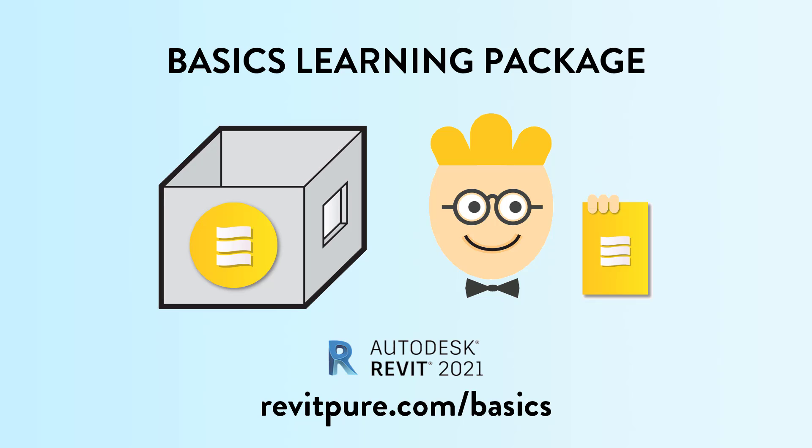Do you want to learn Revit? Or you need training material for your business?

...

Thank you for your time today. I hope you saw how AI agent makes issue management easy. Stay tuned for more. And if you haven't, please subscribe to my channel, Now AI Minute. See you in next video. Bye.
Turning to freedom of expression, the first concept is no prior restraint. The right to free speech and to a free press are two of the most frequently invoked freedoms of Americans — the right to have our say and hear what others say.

---

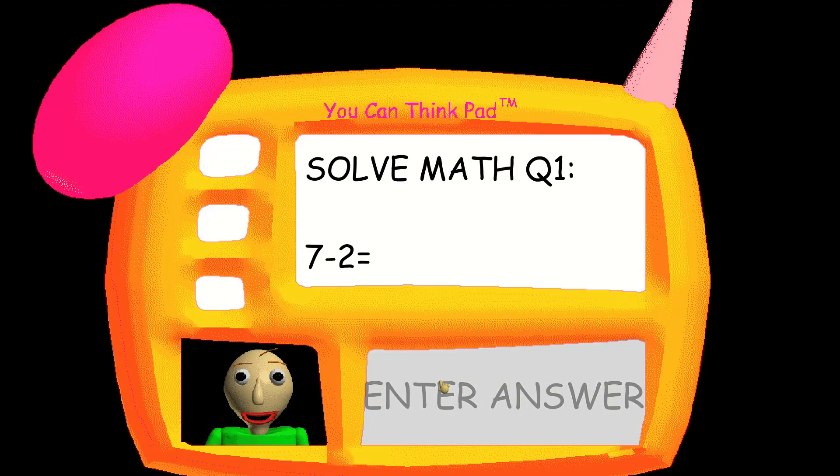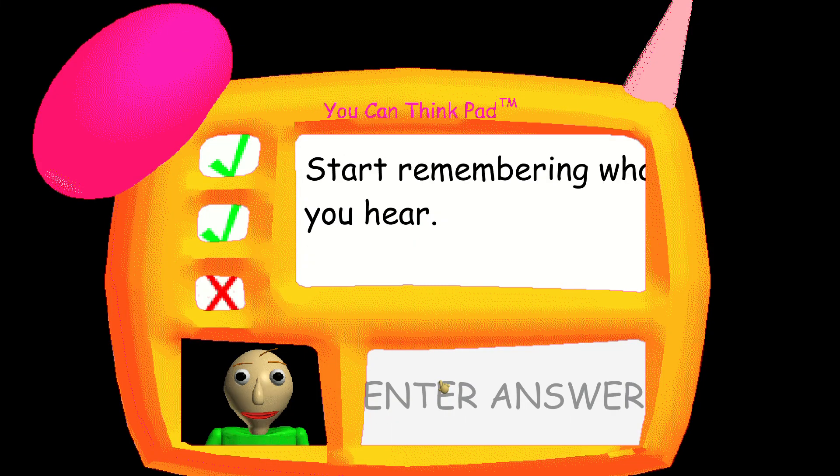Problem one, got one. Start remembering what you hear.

Problem statement:
Taking the lines above, repeat exactly those from the line that contains "Thank you for" through the line that contains "Turning to freedom", and both of those lines as well. Include nothing else.

Result of this task:
Thank you for your time today. I hope you saw how AI agent makes issue management easy. Stay tuned for more. And if you haven't, please subscribe to my channel, Now AI Minute. See you in next video. Bye.
Turning to freedom of expression, the first concept is no prior restraint. The right to free speech and to a free press are two of the most frequently invoked freedoms of Americans — the right to have our say and hear what others say.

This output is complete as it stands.